Businesses and neighbors whose lives were upended by the Sept. 11 attacks have protested the plan.

“The trial will wreak havoc on the surrounding community with the extensive security requirements and massive disruptions, like permanent street closures,” said Steven Spinola, president of the Real Estate Board of New York.

The board created a Web site (movethetrial.com) to fight the trials and has rallied with other groups to protest.

Gov. David Paterson and U.S. Sen. Kirsten Gillibrand - both New York Democrats - also expressed concern.

Political opposition to trying the five men in a civil rather than in a military court has steadily grown.

“Guantanamo terrorists, like KSM, don’t belong in any federal civilian courts.

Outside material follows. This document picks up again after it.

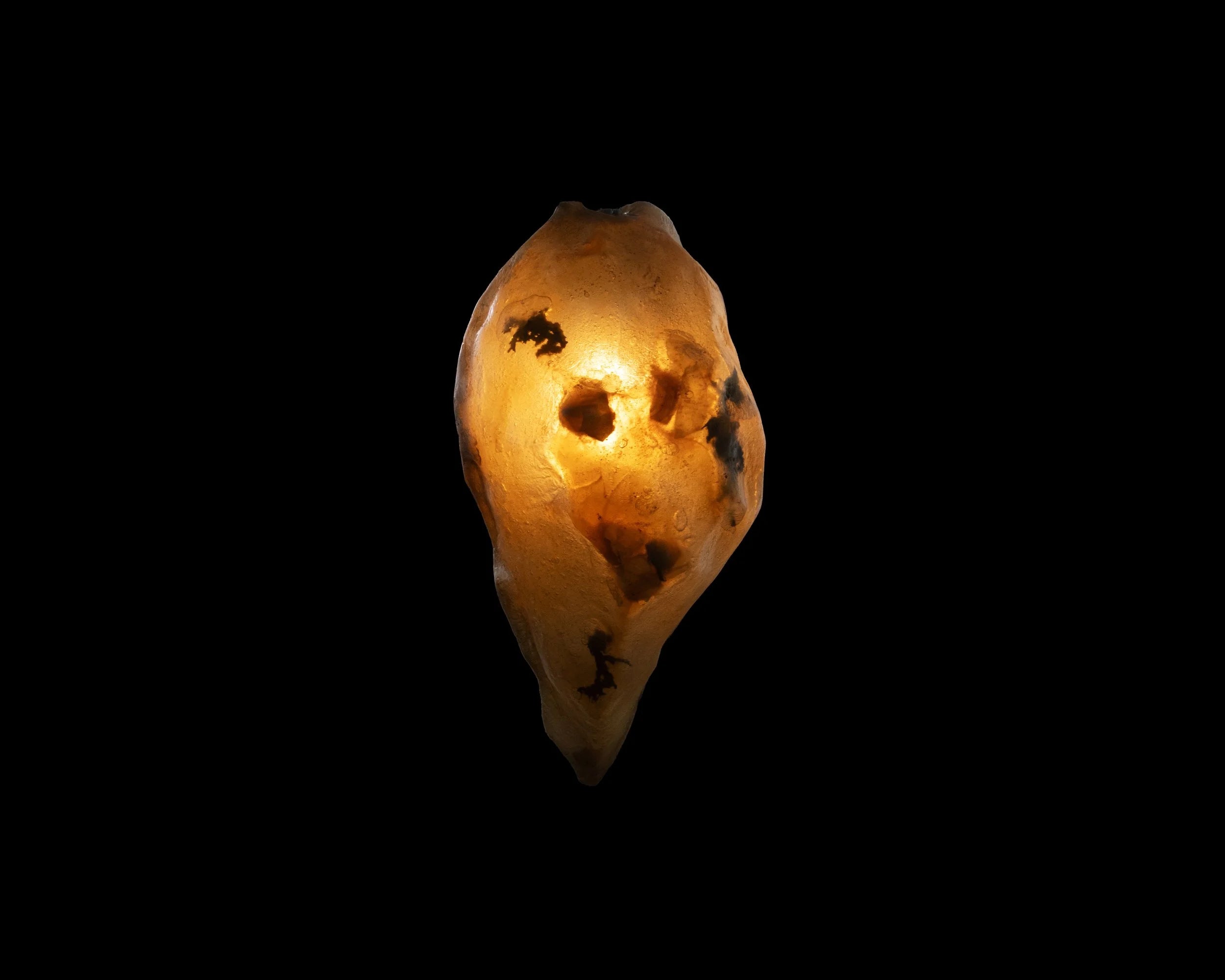 Arche Sculptural Pendant Lamp Unique by William C Stuart N°4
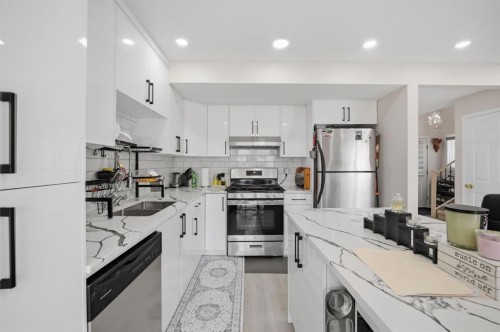 54 Saddlecreek Crescent Ne, Calgary, AB - Indoor Photo Showing Kitchen With Stainless Steel Kitchen With Double Sink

They belong in military commissions,” said U.S. Rep. Peter King, New York Republican, referring to Mohammed.

“These terrorists certainly don’t belong in American communities, such as Lower Manhattan, mere blocks from ground zero, City Hall, NYPD [police] headquarters and the Brooklyn Bridge.”

A group of U.S. senators, including Republican John McCain of Arizona and independent Joe Lieberman of Connecticut, have urged Mr. Obama to abandon the New York trials entirely, arguing they would give the defendants a political platform.